Sliding the 5th wheel doesn't change the distance from the pin to the center of the trailer, or from the pin to the trailer axles. The pin is a FIXED PART OF THE TRAILER!!! The ONLY thing sliding the 5th wheel does is move the weight on the TRACTOR, affecting how much weight is being distributed to the steer and drive axles. The trailer axle weights WILL NOT be affected by sliding the 5th wheel.
What do you think, @Chewy352? Can you tell the gent on how to load a trailer? BTW, @Pedigreed Bulldog is correct about the 5th wheel slide debate. Can anyone explain why, in cornbread language for all to understand, in order to end once and for all, the 5th wheel debate about sliding the 5th wheel get remove weight off the trailer axles?
(this should be fun) @passingthru69, you had a sliding 5th wheel on your jeep and a slide on your tractor (on the 13 axle setup). If you were over on your trailer weight by 15000 lbs, how many clicks on each 5th wheel would it take to get the trailer weight legal?
The 5th wheel debate will never end. I wish I had kept my weight tickets. When I was over weight with my lumber load and was playing with my 5th wheel I was able to move maybe 50 lbs off my trailer axle onto my drives. I will cede that this amount is so small that it doesn't really matter. But it did move weight. When I had my flat I always ran with the 5th wheel all the way back for 2 reasons. 1 prostars are already heavy on the steers and 2 the slide pins were not exposed on my 5th wheel to give them a tap and I was not able to slide it under a load. So I always ran ready for a front overhang. As far as where to center the load. Measure from the kingpin to the center of the spread. Divide that by 2 and then measure back from the kingpin that amount. In general that is where you want to center your load. I say in general because I have a question for professor six. How do my axle weights affect this? My empty drive weight is 12460 my spreads are 7960. So I can put 21540 on my drives and 26040 on my spreads (to equal 34k, I know I can put 40k but we're talking about centering).
So when loading coils you need to know a few things. 1. Empty weight with full tanks 2. Centerline of the trailer Most trailers the centerline is the side light. If the trailer has a coil package the center beam of the coil package is the centerline. Some trailers have a sticker that states "place single coil here" it is usually slightly behind the centerline. This is because of the arch of the trailer or the design of the coil package. Generally speaking 1ft front or rear equals 1,000 lbs shift of weight. Most loaders will help you out if you ask. In the bigger mills you are on your own look at you load ticket it gives the weight and number of coils and how they have to be loaded sucide or shotgun. Once you get everything set you rarely have to scale yourself. Most major shippers scale you in and out for gross weight. 5th wheel setting varies on type of truck and wheelbase of tractor. Most coil haulers it's all the way back or centered between the tandems.The industry standard is the ability to haul 48,000. That's not saying all coils will be that heavy. Most shippers want you to have the ability to haul that amount.

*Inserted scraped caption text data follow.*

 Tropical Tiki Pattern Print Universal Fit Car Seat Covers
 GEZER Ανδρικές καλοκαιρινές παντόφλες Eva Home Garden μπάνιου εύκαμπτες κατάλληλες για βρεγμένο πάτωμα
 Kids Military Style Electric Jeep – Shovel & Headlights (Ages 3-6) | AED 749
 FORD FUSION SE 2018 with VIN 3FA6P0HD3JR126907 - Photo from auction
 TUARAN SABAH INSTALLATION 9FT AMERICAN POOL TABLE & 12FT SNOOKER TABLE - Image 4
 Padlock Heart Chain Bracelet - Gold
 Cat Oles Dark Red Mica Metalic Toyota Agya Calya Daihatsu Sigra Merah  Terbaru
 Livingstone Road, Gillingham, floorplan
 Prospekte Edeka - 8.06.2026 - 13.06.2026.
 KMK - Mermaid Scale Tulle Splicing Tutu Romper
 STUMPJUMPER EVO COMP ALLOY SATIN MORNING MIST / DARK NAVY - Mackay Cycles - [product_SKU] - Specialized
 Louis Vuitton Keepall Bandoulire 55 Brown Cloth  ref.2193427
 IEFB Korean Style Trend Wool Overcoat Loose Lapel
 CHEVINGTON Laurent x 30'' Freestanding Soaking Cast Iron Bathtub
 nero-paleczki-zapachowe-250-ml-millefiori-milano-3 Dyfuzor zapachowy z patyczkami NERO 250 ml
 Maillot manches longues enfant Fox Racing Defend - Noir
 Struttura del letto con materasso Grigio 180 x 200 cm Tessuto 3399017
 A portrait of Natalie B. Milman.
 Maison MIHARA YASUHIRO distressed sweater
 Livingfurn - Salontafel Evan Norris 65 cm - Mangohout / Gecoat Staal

There's a 4500lb difference between the drives and the trailer. You know how to find the center to load. If you load dead center, and your drives are 34000, what will be the weight on the trailer axles? If the load is 20 ft long, loaded dead center, how far back would you have to move the load so that the trailer axles have exactly the same weight as the drives? Someone is thinking, "Whats with all the math? We can get 40k on the spread." Ignore this post and stick with what you know. "But Six, why would you ever need to get the trailer and the drives exactly the same?" In order to axle the MAXIMUM weight on a 5 axle rig with a non divisible load, the drives and the trailer are going to have to be dead even. If you don't know how, you're going to run back and forth, back and forth through the Cat scale.
With a 48k lb load my spreads would be 34420 If the load is 48k lbs I would need to move it just over a foot back from center. To be at 34k on the drives.
If my loaded drives are 34000 lb then subtract my empty weight of 12460 lb and that means I have 21540 lb of cargo on my drives. Subtract that from a 48000 lb load and I have 26460 lb of cargo on my spreads. Add my empty weight of 7960 lb and my spreads weigh 34420 lb. For the second one If the load is 20 feet long and equal weight through out and weighs 48000 lbs then you divide 48000 by 20. That gives you 2400 lb per foot. If I put the load dead center ill be at 36460 lb on my drives. That's 48000/2=24000 24000+12460=36460 36460-34000=2460 So that's 2460 lbs that need to be moved back towards the spread which is just a hair over a foot. Does that make sense professor? By the way professor is not meant badly. The way you teach and ask questions just makes me feel like i'm back in collage again. I think you'd be a good teacher.